From Florida, Bob Katz has sent a test CD of the mastered version of part of my new recording. This morning I’m listening. He’s sent along a list of many clicks and noises he removed. There’s question about the basic sound. He’s chosen a dither he likes and done a bit of EQ and stereo image shifting. The underlying recording was too diffuse, he thought. He wants a bit more “edge” and a clearer sense of where the piano is on the stage. It’s veering toward being too brash I think. Now it’s “like a Yamaha instead of a Steinway,” I write him in an email. This recording includes music by Philip Glass and William Duckworth. In his own piano recordings, Glass favors a very pop piano sound. The mics are suspended right above the strings of the piano. Before my first recording of his music, he suggested I might use that kind of mic position. Here, I want a less analytic sound (more “classical”?) that gives more sense of the space of the auditorium. (This present material was recorded in a hall seating 1200.) Especially for Duckworth’s pieces, which feature long lingering drones, I want to hear the room.
Over a long period, recordings have become clearer and more detailed, just like the sounds heard in newer and newer concert halls. It is partly changing technology, and partly aesthetics. What’s the causal relationship? Pop is a strong influence. Each generation of listeners learns to hear recorded sound (as we learn to “see” photographic images). The sound of acoustic 78s gave way to electrical recording, then to LPs made from magnetic tape, CDs, and now MP3s.
I based some of my editing decisions last summer (which I drew onto a score for Nick Prout, my editor in New York) on listening to MP3s. All the takes from the recording sessions were loaded onto an iPod — perfect I thought, for the weeks I spent in Mongolia. To continue working all I had to do was keep the iPod charged — not so easy it turned out. I recognize a certain timbre in MP3 piano sound, but as the process of comparing takes is about their relative qualities and compatibility, it seemed it could work. (At times, I have worked from DATs, CDs, and even cassettes!)

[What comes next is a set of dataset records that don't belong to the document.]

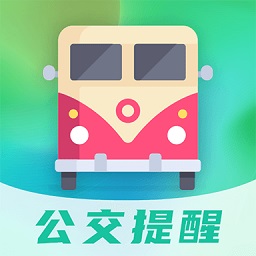 雅博手机版app官网下载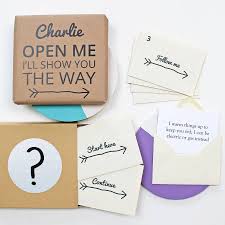 Personalised Couple S Treasure Hunt Treasure Hunt Scavenger Hunt Birthday Personalized Couple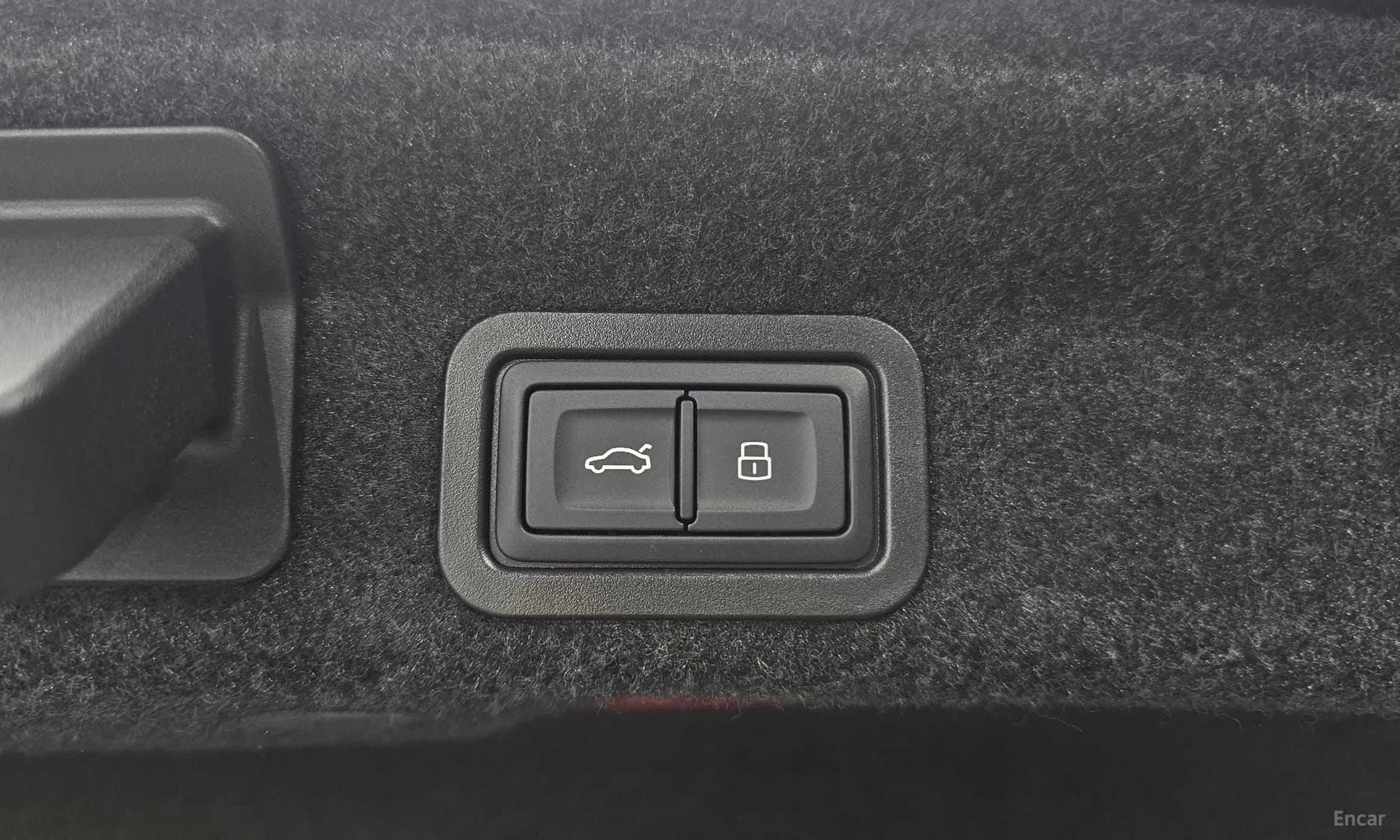 S6 (C8)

There’s no other “producer” for these solo recordings. No one picking takes or edit points, or — in the recording sessions — telling me to do another take, or, more likely, telling me I do not need to do more than the many, many takes I already have! It pleased me to know, from Robert Philip’s book, that in the pre-editing 78 period, Mr. Rachmaninoff recorded Mendelssohn’s “Spinning Song” twenty-three times during a session…

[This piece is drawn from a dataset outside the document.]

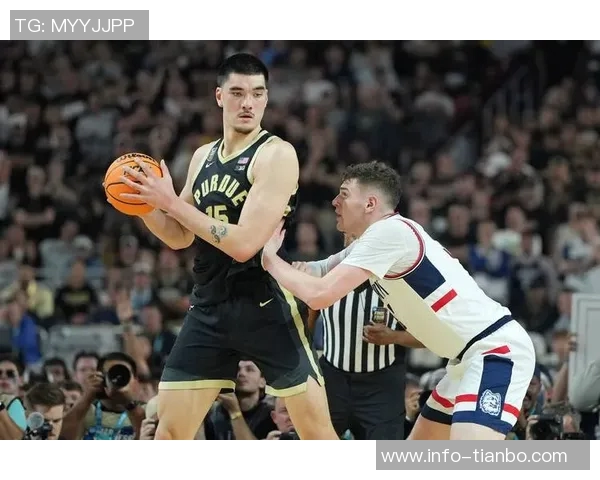 扎克埃迪比克林根在24年选秀中为何被低估引发热议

The making of recordings depends on live playing. But as movies are different from plays done on stage, sound recordings can be and should be very different from the experience of live concerts. Classical musicians can be dumb when it comes to recording. Often, the mastering process — the finishing of the actual sound and the careful assembly of the finished art work, crucial steps — is handled very casually. I’m aware of classical projects, in which mastering is “bypassed.” An edited recording is just sent to a CD replicating factory where some default settings control the final sounds!